Zack Snyder Dishes on Discarded Wonder Woman 1854 DCEU Project, Teases ‘Lovers’ & Ares

Zack Snyder reveals details of the scrapped WW1854 project, which would have found Diana searching for Ares around the globe.

Wonder Woman poses with a trio of severed heads? It’s a graphic image that Zack Snyder unleashed on the internet two years before James Gunn made his detailed announcement of the DCU. And in a new interview, the brains behind the SnyderVerse shares a glimpse at what might have been in the now defunct DCEU for Gal Gadot’s Diana Prince. Wonder Woman 1854 would have found the future Justice League member on the hunt for Ares and taking a number of lovers during those years. Snyder said during his sit-down with Empire:

“The idea of that was an early riff we were doing: Once Wonder Woman left the island in search of Ares, what happened to her in her different incarnations? My idea for it was that she would travel around the world looking for Ares, and she would go to every place where there was conflict. On those battlefields she found these lovers, warriors.”

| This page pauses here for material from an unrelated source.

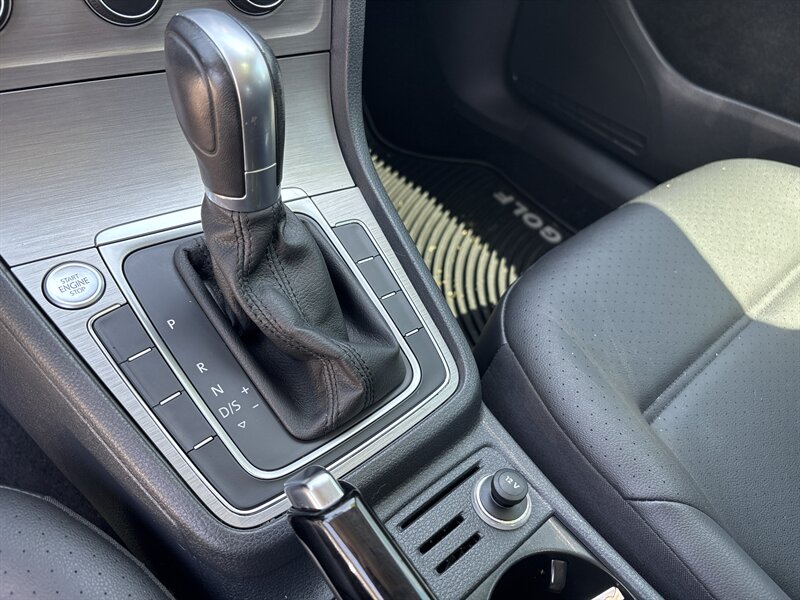 2016 Volkswagen Golf TSI S   - Photo 15 - Topeka, KS 66608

In the photo Snyder shared via his X, formerly Twitter, account back in January of 2021, Gadot’s Wonder Woman can be seen in 1854 amid a group of warriors. And long before she lopped Steppenwolf’s (Ciarán Hinds) head off in Zack Snyder’s Justice League, Diana can be seen holding onto three severed heads in the WW1854 image! Check out Snyder’s social media revelation in its entirety below:

After Henry Cavil’s portrayal of Superman, Gal Gadot’s Wonder Woman ranks as the best superhero from the now extinct DCEU. And who can forget the romantic tension that boiled up — it never went anywhere, though — between Diana Prince and Bruce Wayne/Batman (Ben Affleck)? Well, despite the interest in Gadot’s version of the character, at the time of this writing, Gadot’s Diana hasn’t been included in James Gunn and Peter Safran’s plans for the DCU. However, if Wonder Woman 1854 had happened, Diana would have found herself going through a bevy of lovers over the years. Snyder said in the same interview:

“They [lovers] would age out because she is immortal. They would be her lover for ten years, or they might die in battle. And it was probably sad for a lot of the guys because they would see her starting to be nice to the next young soldier and be like, ‘Oh, I’m being replaced.’ But all the guys that she had with her were those loyal warriors she found on the battlefields all over the world.”

Although Chris Pine’s Steve Trevor changed considerably between Patty Jenkins’ Wonder Woman and Wonder Woman 1984, it seemed that the character was the “one” for Diana in the confines of the SnyderVerse. And there was talk that Steve would appear in WW 1854, even though he and Diana didn’t meet until the events of the original film, which took place primarily in 1918. Snyder also told Empire:

We talked about if Steve Trevor was there in Crimea. It was never a screenplay, but we talked about it so much that it kind of had its own life.

While the future of the Wonder Woman character herself remains up in the air, Gunn did announce the television series Paradise Lost as a part of his plans for the DCU’s future. The show will focus on the inhabitants of Paradise Island, aka Diana’s birthplace of Themyscira.